First, they allow adaptive local mesh refinement. MHD motion tends to develop sharp structures: nearly discontinuous magnetic field and sharply localized, intense current sheets. We present simulations showing the formation of current sheets, with the current density increasing exponentially in time. If the resolution is inadequate, truncation error can cause artificial numerical dissipation. Therefore it is important to refine the grid as much as possible where current sheets form. This should be done adaptively, because the location of the sheets can change, as in the case of the tilt mode.
A second feature of unstructured mesh methods is their ability to fit irregular boundaries. Applications to modelling laboratory plasmas may require the use of irregularly shaped boundaries. Although this is an important feature, in this paper we emphasize adaptive mesh refinement to resolve current sheets.
In the following, we first list the incompressible, two dimensional MHD equations. We then give the standard stream function - vorticity advection form of the equations, as well as the symmetrized current - vorticity advection formulation. The equations can be discretized using piecewise linear, triangular finite elements. Three sparse matrices, the mass matrix, stiffness matrix, and bracket tensor, arise in the discretization. Their construction and assembly is discussed. The stiffness matrix can cause a convergence problem in computing the current. We give two possible cures.
The most effective cure is to use symmetrized MHD equations, in which vorticity and current are time advanced, and the potentials are found by solving Poisson equations. The other approach is to use a modified stiffness matrix with a wider stencil, having acceptable convergence properties.
Adaptive gridding is done with two mesh operations: splitting pairs of triangles into four triangles; and the inverse operation of combining four triangles into two.
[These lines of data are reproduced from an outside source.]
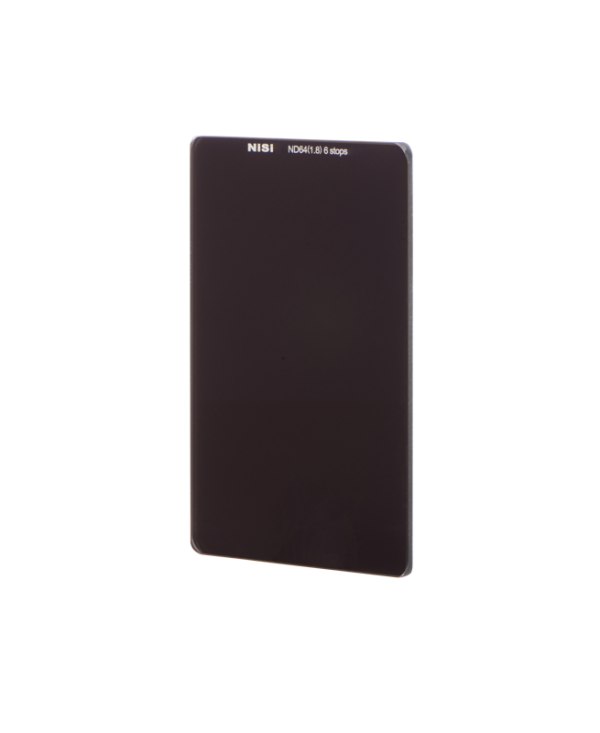 The rectangular NiSi filter ND64 for P1 (Smartphones/Compact) with a dark tint is shown upright against a white background.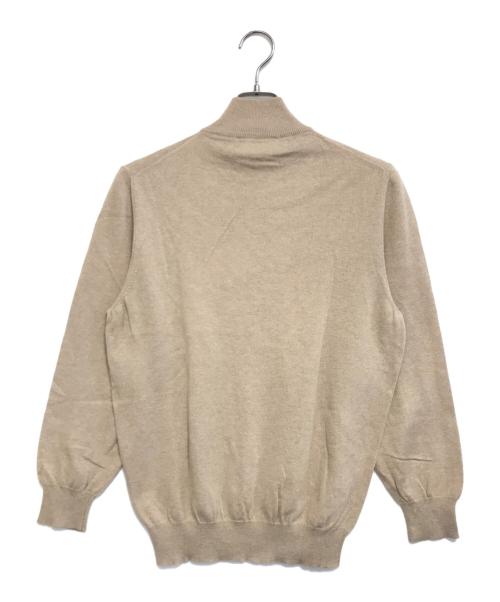 Salvatore Ferragamo（サルヴァトーレ フェラガモ）Salvatore Ferragamo (サルヴァトーレ フェラガモ) カシミヤ混ハーフジップニット ベージュ サイズ:Sの古着・服飾アイテム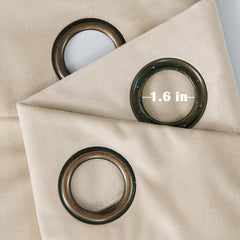 Premium Velvet Curtain - BEIGE
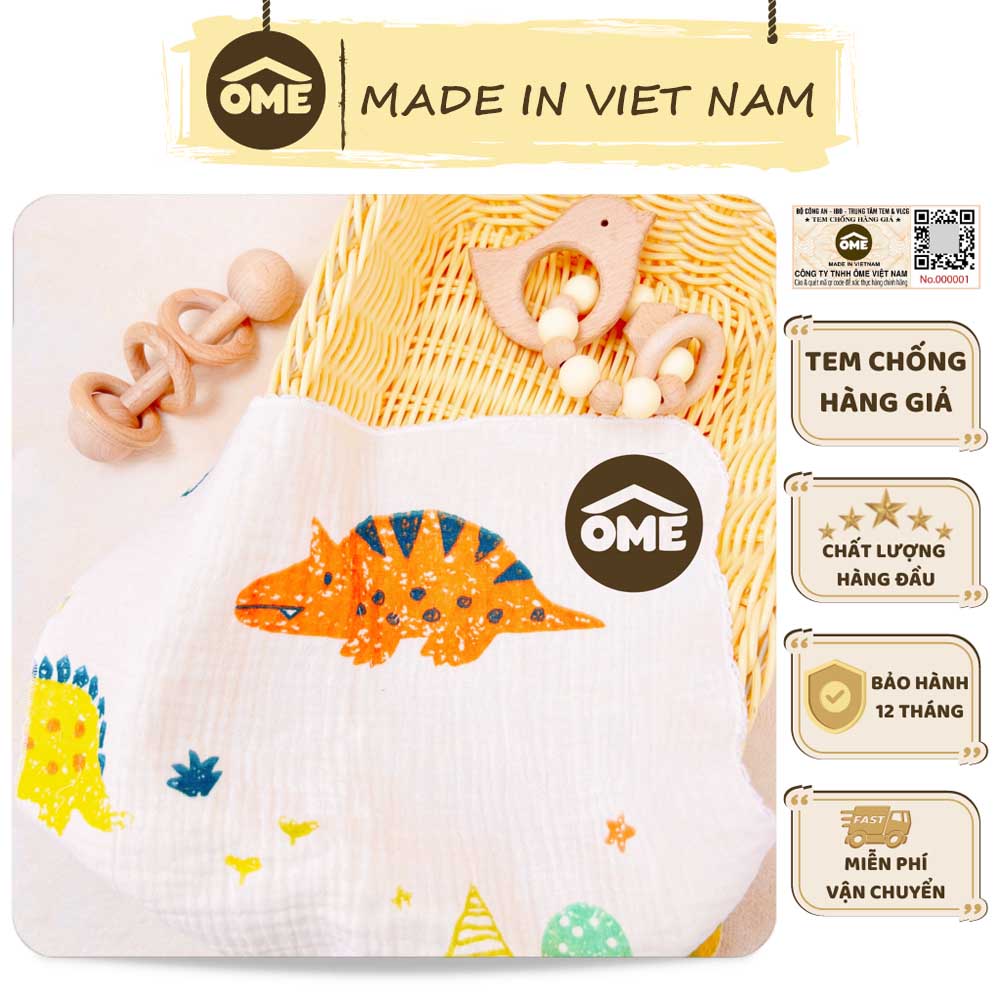 Khăn Sữa Sợi Tre OME (Set 5 chiếc)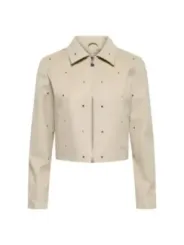 Jacqueline De Yong Damen Kostümjacken Beige | online kaufen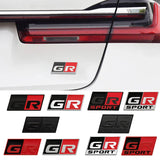 Car Rear Body Emblem Decal for GR Sport MN Yaris Hiace Estima Hilux Rav4 Supra Camry Crown Prado Levin CHR Avalon Corolla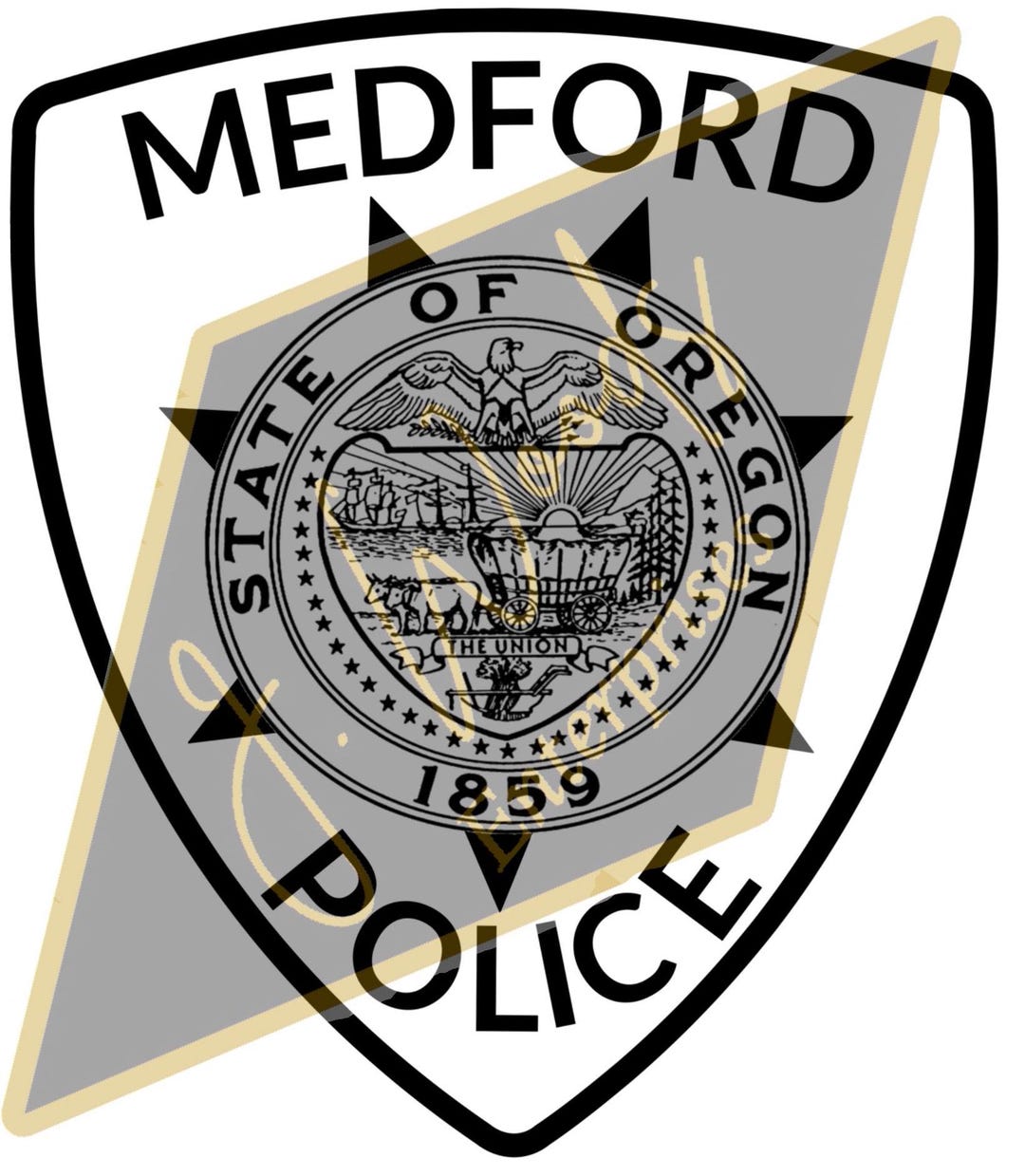 Mediform Patch Medford (oregon) Police Department Patch, Digital File Download - Etsy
After describing a new finite element code, FEMHD, based on these algorithms, we give examples of its use. We verify that the code reproduces previously known solutions for the coalescence and tilt instability. We carry out simulations of current sheet formation caused by these instabilities. We note that similar results on current sheet formation have recently been obtained using adaptive structured mesh methods . This approach also used symmetrized MHD equations in the Elsässer form, to be given below.